_ENTRIES PROVIDED_:
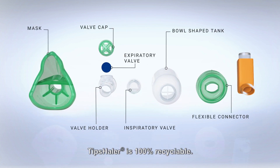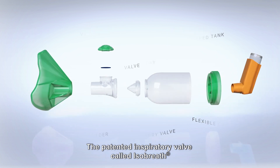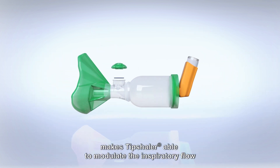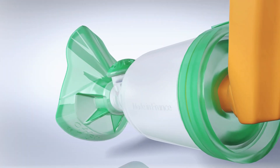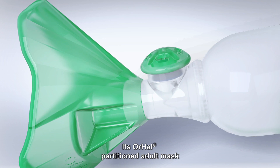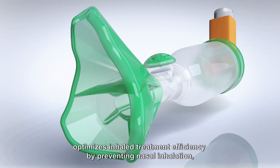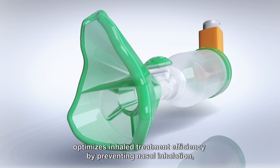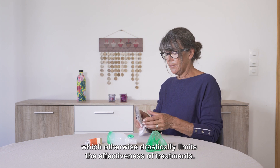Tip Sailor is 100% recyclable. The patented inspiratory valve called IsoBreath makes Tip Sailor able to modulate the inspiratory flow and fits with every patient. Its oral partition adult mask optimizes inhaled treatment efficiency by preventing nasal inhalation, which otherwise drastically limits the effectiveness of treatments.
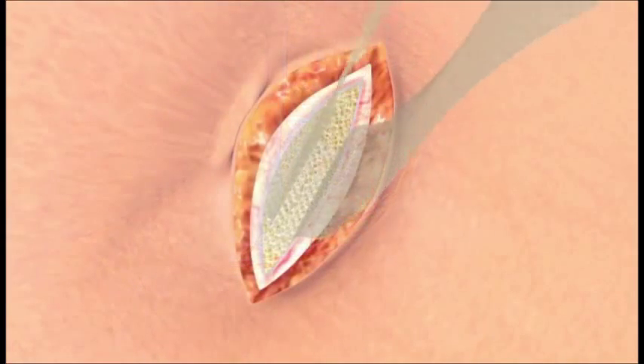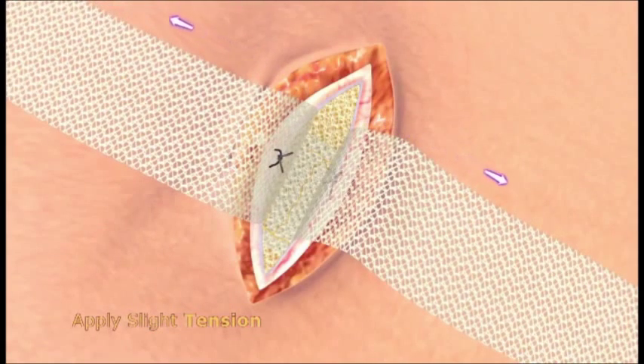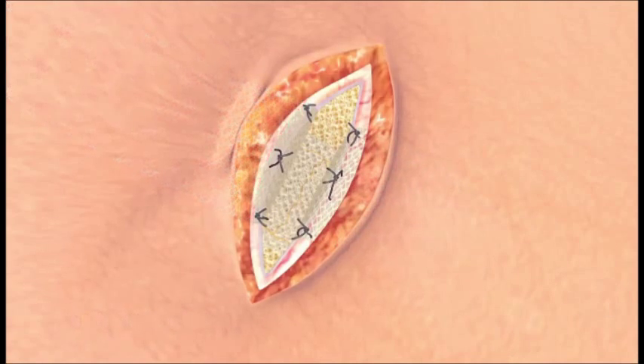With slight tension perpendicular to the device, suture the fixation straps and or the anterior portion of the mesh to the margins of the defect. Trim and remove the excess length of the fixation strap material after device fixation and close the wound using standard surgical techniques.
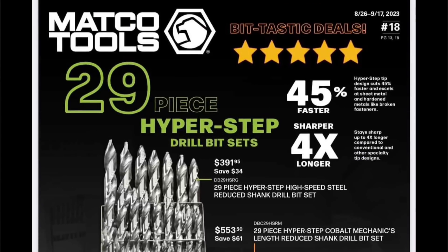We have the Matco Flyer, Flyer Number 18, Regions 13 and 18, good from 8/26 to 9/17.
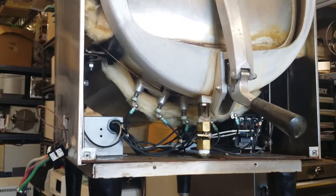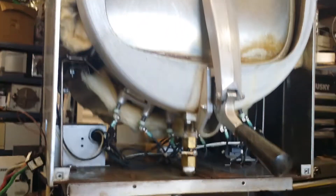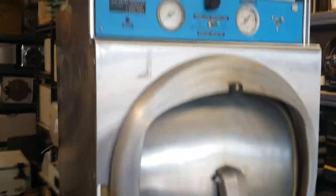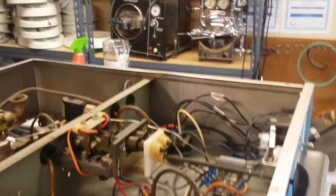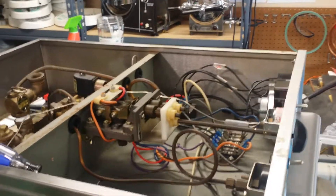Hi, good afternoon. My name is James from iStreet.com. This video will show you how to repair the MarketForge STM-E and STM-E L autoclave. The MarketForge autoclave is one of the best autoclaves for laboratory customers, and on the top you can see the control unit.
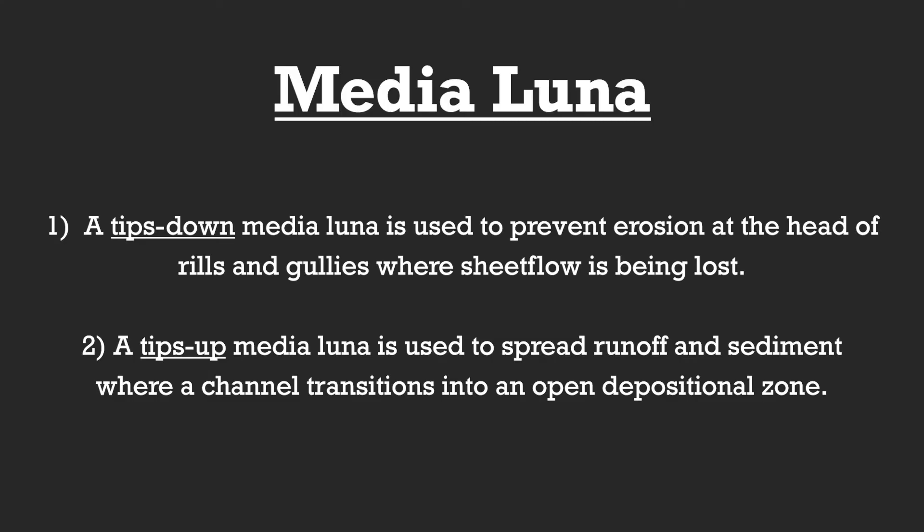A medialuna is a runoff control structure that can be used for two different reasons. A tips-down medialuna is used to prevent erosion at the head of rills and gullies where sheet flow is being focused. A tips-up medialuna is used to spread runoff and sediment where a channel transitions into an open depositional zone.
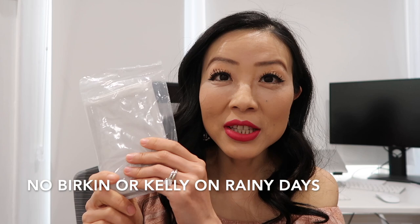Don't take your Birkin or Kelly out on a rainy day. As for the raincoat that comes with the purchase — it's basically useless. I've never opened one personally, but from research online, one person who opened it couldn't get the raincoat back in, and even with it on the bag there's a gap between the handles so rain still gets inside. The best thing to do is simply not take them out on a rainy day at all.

---

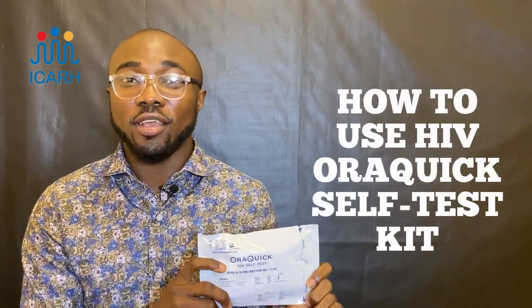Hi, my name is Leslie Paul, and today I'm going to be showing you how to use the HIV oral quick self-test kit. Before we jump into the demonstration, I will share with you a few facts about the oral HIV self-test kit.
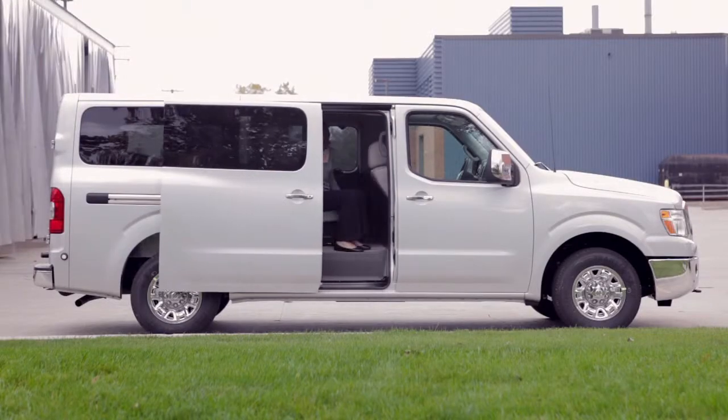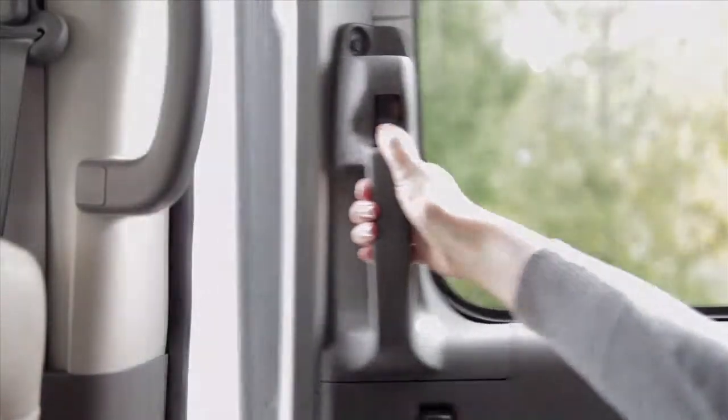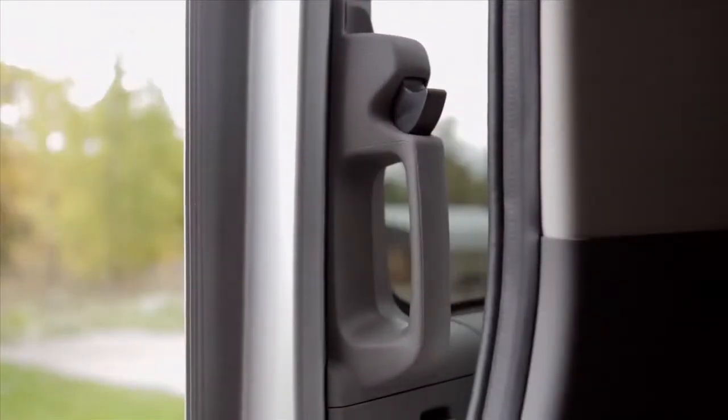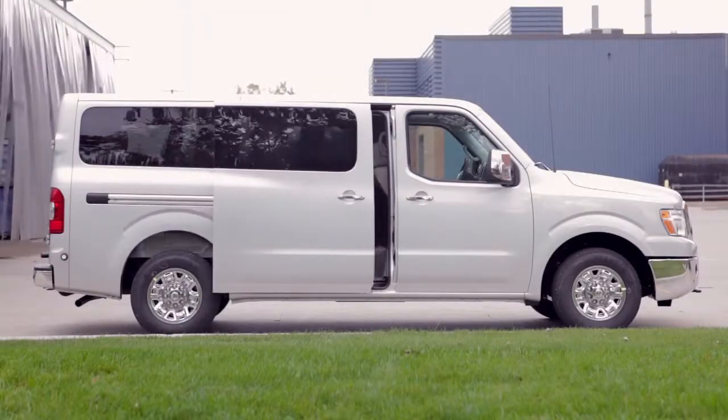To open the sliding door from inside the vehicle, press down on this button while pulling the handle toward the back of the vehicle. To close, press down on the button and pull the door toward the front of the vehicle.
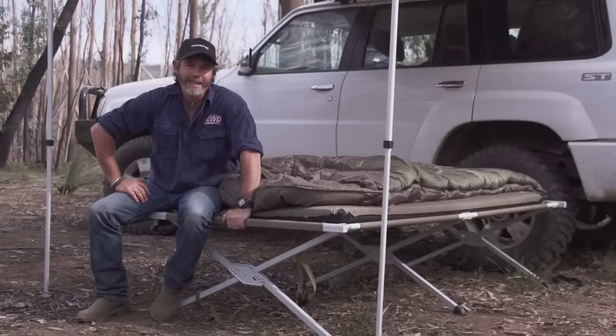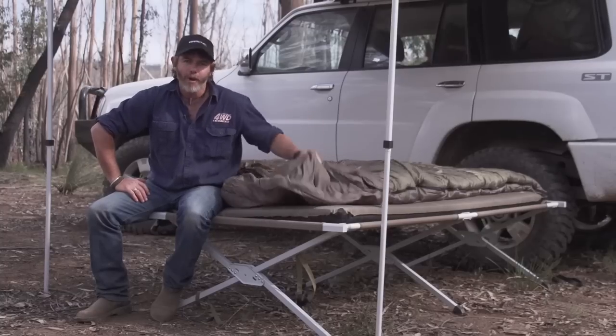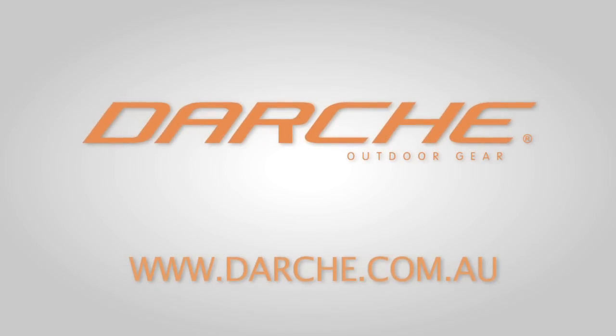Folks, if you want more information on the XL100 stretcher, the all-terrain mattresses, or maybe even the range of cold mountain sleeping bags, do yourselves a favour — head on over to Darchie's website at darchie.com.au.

...

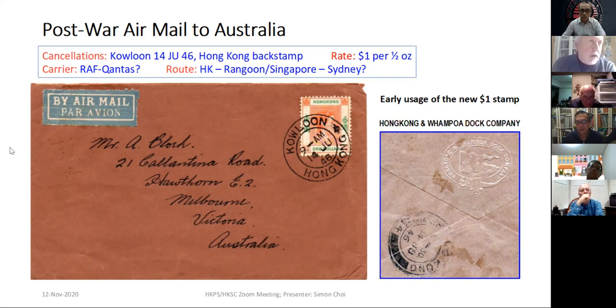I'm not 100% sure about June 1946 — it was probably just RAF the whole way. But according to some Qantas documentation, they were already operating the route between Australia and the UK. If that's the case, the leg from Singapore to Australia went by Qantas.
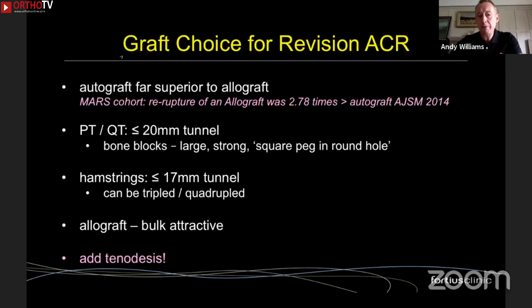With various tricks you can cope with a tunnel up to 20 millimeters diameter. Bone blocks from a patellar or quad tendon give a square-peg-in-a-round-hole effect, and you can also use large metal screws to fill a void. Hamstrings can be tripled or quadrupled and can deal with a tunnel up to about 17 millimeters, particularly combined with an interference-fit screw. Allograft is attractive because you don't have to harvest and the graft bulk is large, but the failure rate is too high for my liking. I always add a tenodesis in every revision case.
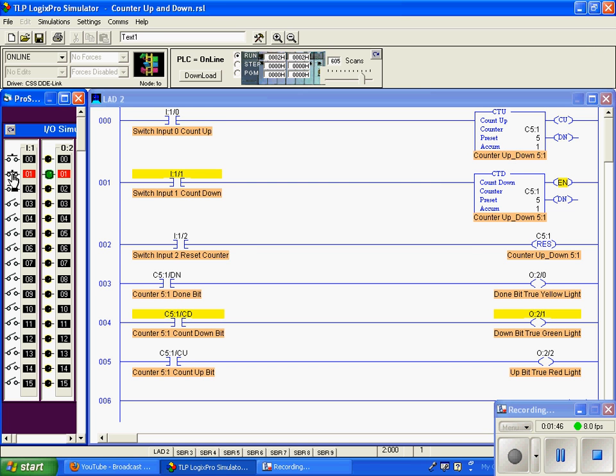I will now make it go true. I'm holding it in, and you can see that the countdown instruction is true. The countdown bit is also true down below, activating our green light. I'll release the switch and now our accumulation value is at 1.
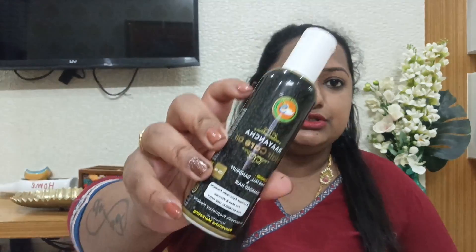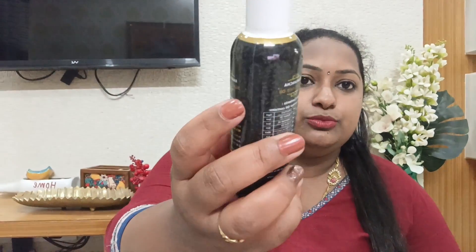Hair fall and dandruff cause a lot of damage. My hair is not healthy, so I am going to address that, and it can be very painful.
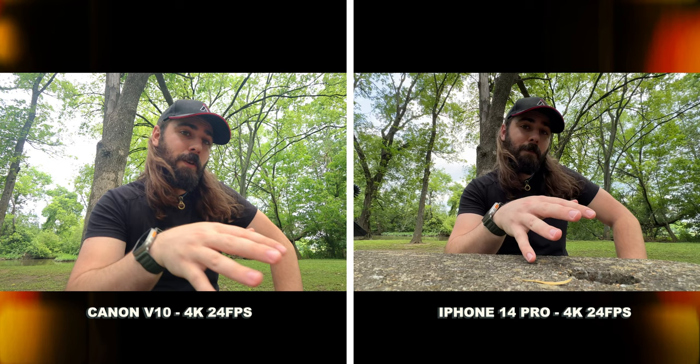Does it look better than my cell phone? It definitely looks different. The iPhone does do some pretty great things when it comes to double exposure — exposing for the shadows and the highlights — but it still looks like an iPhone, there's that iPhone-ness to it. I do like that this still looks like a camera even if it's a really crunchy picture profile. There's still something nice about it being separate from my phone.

_ASSIGNMENT_: In the data above, find the line containing "A medialuna is" and the line containing "Don't take your". Copy exactly the stretch from the first through the second, both included, leaving out any picture.

_PROBLEM SOLUTION_:
A medialuna is a runoff control structure that can be used for two different reasons. A tips-down medialuna is used to prevent erosion at the head of rills and gullies where sheet flow is being focused. A tips-up medialuna is used to spread runoff and sediment where a channel transitions into an open depositional zone.
Don't take your Birkin or Kelly out on a rainy day. As for the raincoat that comes with the purchase — it's basically useless. I've never opened one personally, but from research online, one person who opened it couldn't get the raincoat back in, and even with it on the bag there's a gap between the handles so rain still gets inside. The best thing to do is simply not take them out on a rainy day at all.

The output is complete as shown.